Today, I want to share an ingenious adaptation of engraving in the photographic world, in which light (or shadow) replaces ink. During Paris’ artistically rich interwar period, Russian / French engraver Alexandre Alexeieff and his American partner / wife Claire Parker invented an image production device called the pinboard. The pinboard consisted of a fine mesh pulled taut on a vertical square frame. Tiny metal pins were inserted in the interstices of the mesh, creating a dense surface of 100 pins per square centimeter (that’s right, one fragile pin per millimeter.) Light was then cast across the front of the mesh at an oblique angle. As each pin was pushed through the front of the mesh, it cast a shadow whose length could be controlled by the length of the exposed pin. One pin’s shadow created a mark equivalent to one engraved line. Just like in engraving, the size and density of the resulting lines allowed for detailed control over grayscale. A pair of artists working on both sides of the pinboard could use a variety of tools to sculpt their desired image into the dense cluster of pins, which Alexeieff described as velvet-like. A photograph taken of the resulting pinboard image would yield results much like an engraved print.

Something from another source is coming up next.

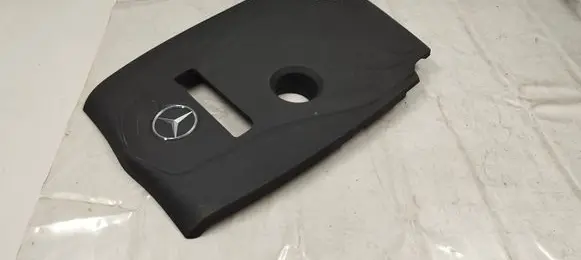 Mercedes-Benz C W205 Engine cover (trim) A2740161000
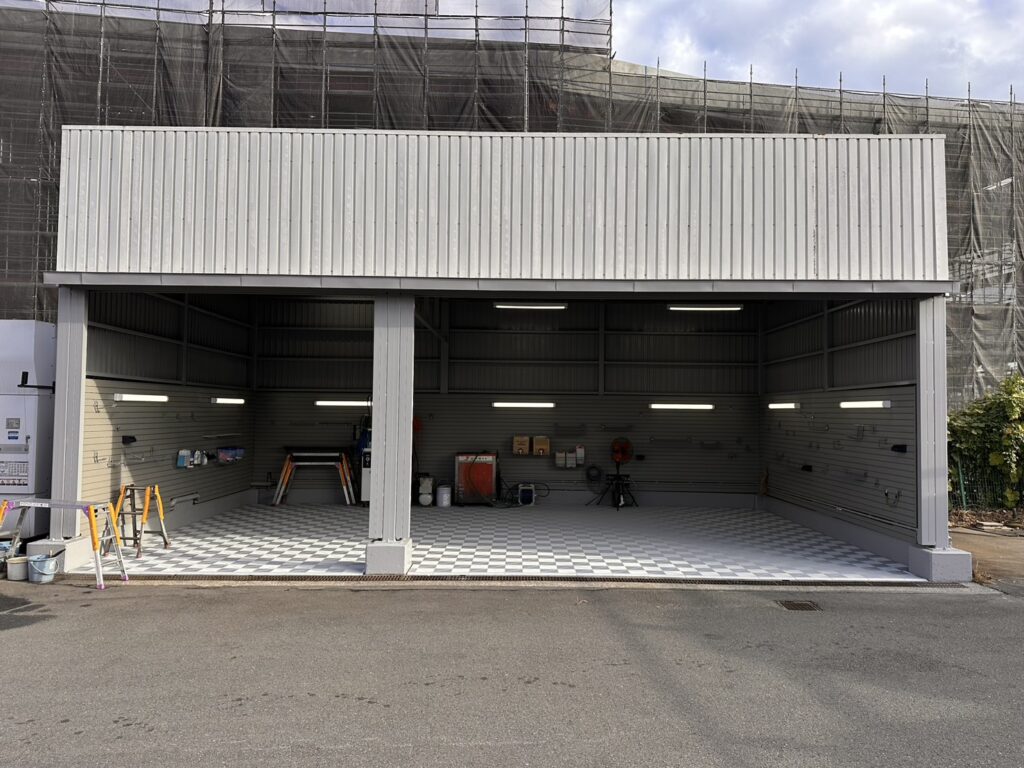 鉄骨造の2連ガレージ ／ パールシルバー×ウェザードグレー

Alexeieff and Parker took their process a step farther by taking multiple, successive exposures of pinboard images to create pinboard animations. Their work was painstaking and deeply detailed; the first animation lasted eight minutes and took two years to create. Only six full pinboard animations were created in their lifetime, bookended by settings of the music of Modest Mussorgsky; their first in 1933 to the symphonic poem Night on Bald Mountain, and their last in 1972 & 1980, to the first half of Pictures at an Exhibition.
Below is an excerpt from Alexeieff and Parker’s 1963 adaptation of Gogol’s The Nose (from Facets Video.) Note that the work looks like an animated engraving. Note also that each line in each still image was generated by the shadow of one tiny pin.
[youtube=http://www.youtube.com/watch?v=qXGdBgJO2WI]
Alexeieff and Parker’s pinboard is a fascinating interpretation of print concepts in the photographic world, and an example of how image production methods evolve incrementally over time. I stumbled across this amazing work by way of a chance DVD rental, a testament to the value of browsing your local library or video store rather than relying solely on the recommendations of your favorite online provider.